Techniques for Fuzzy Search on Encrypted Data: Approaches, Trade‑offs, and Practical Implementations

When developing applications that store sensitive information (passwords, phone numbers, addresses, bank cards, etc.), different encryption requirements arise: passwords are stored with irreversible hash functions, while fields like phone numbers must remain decryptable and support fuzzy queries.

The author classifies fuzzy‑search solutions for encrypted data into three groups: a "silly" approach that decrypts everything in memory or uses a plain‑text tag table; a "conventional" approach that either runs decryption inside the database and applies LIKE on the plaintext, or tokenises the ciphertext into fixed‑length encrypted tokens stored in extra columns; and a "super" approach that designs new algorithms (e.g., Hill cipher, FMES, Bloom‑filter‑based schemes) to enable order‑preserving, low‑overhead fuzzy matching.

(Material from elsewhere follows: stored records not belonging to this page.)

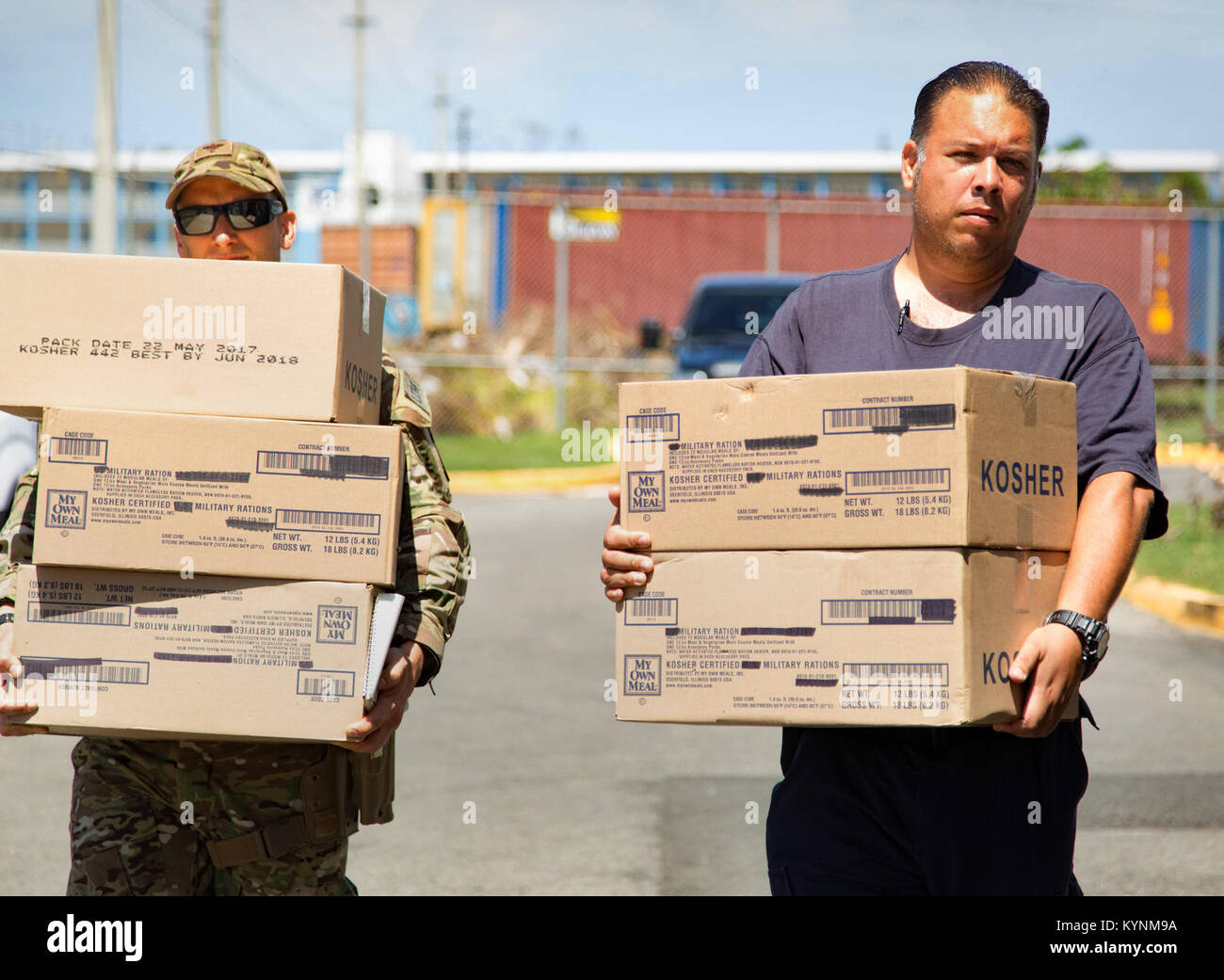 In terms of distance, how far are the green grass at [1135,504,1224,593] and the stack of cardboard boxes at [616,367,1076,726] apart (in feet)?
22.0

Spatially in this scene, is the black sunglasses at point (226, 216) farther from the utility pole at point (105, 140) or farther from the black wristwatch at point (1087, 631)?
the utility pole at point (105, 140)

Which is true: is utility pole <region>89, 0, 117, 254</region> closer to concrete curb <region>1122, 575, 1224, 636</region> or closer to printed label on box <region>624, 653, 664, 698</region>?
concrete curb <region>1122, 575, 1224, 636</region>

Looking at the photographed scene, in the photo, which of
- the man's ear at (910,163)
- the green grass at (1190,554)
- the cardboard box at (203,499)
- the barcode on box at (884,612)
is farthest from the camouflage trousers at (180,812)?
the green grass at (1190,554)

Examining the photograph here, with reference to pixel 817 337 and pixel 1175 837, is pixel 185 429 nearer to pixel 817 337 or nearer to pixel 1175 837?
pixel 817 337

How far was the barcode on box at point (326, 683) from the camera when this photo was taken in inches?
97.6

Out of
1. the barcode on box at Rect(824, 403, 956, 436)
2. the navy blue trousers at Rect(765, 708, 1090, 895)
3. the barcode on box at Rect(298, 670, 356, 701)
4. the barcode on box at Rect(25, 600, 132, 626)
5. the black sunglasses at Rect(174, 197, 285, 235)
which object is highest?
the black sunglasses at Rect(174, 197, 285, 235)

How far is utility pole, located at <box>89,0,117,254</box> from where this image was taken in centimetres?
1210

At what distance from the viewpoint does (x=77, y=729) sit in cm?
249

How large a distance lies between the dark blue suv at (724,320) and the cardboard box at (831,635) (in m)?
10.0

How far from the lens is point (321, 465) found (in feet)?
8.12

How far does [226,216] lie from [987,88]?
160 centimetres

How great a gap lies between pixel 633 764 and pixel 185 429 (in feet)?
12.1

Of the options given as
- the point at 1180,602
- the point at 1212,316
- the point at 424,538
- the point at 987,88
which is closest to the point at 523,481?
the point at 1180,602

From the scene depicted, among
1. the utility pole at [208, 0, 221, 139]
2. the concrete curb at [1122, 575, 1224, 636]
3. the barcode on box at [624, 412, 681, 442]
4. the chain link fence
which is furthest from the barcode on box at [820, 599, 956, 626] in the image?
the utility pole at [208, 0, 221, 139] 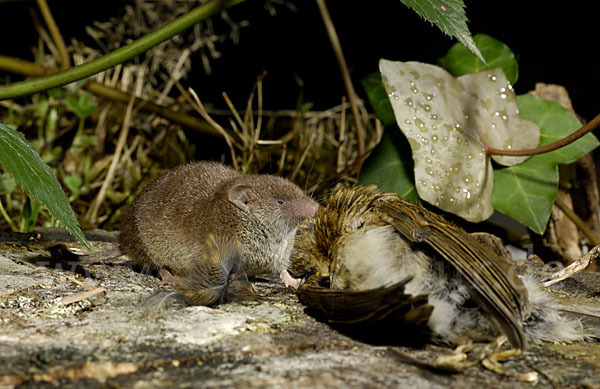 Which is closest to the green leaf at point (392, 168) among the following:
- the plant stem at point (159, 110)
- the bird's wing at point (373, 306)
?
the bird's wing at point (373, 306)

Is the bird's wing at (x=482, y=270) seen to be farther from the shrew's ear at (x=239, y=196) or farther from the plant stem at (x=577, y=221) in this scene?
the plant stem at (x=577, y=221)

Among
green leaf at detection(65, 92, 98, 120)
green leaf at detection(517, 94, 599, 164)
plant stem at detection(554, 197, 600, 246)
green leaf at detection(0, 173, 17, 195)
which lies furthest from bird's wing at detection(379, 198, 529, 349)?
green leaf at detection(65, 92, 98, 120)

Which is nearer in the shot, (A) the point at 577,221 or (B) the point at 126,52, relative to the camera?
(B) the point at 126,52

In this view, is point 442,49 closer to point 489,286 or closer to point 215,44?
point 489,286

The "silly" methods are easy to implement but become infeasible as data volume grows, often leading to Out of memory errors because the entire dataset must be loaded and decrypted.

The first conventional method adds a decryption function to the DB and modifies the fuzzy condition to decode(key) LIKE '%partial%' . This is simple but cannot leverage indexes and may suffer from algorithm mismatches between application and DB. The second conventional method tokenises the plaintext into fixed‑length groups (e.g., four‑character English or two‑character Chinese segments), encrypts each token (using algorithms such as AES or DES ), stores them in auxiliary columns, and then queries with key LIKE '%partial%' . This method increases storage (ciphertext length grows, e.g., a 11‑byte phone number becomes a 24‑byte ciphertext with DES, a 2.18× increase) but allows index optimisation.

Real‑world e‑commerce platforms (Taobao, Alibaba, Pinduoduo, JD) adopt similar schemes, as shown by the linked documentation.

The "super" approach requires deep algorithmic research, often designing custom order‑preserving encryption or leveraging Bloom filters and Lucene‑based search engines to achieve fuzzy matching without excessive storage growth.

In summary, the author advises avoiding the "silly" methods, prefers the second conventional token‑based technique for its balance of implementation cost, performance, and security, and suggests exploring advanced algorithmic solutions only when specialised expertise is available.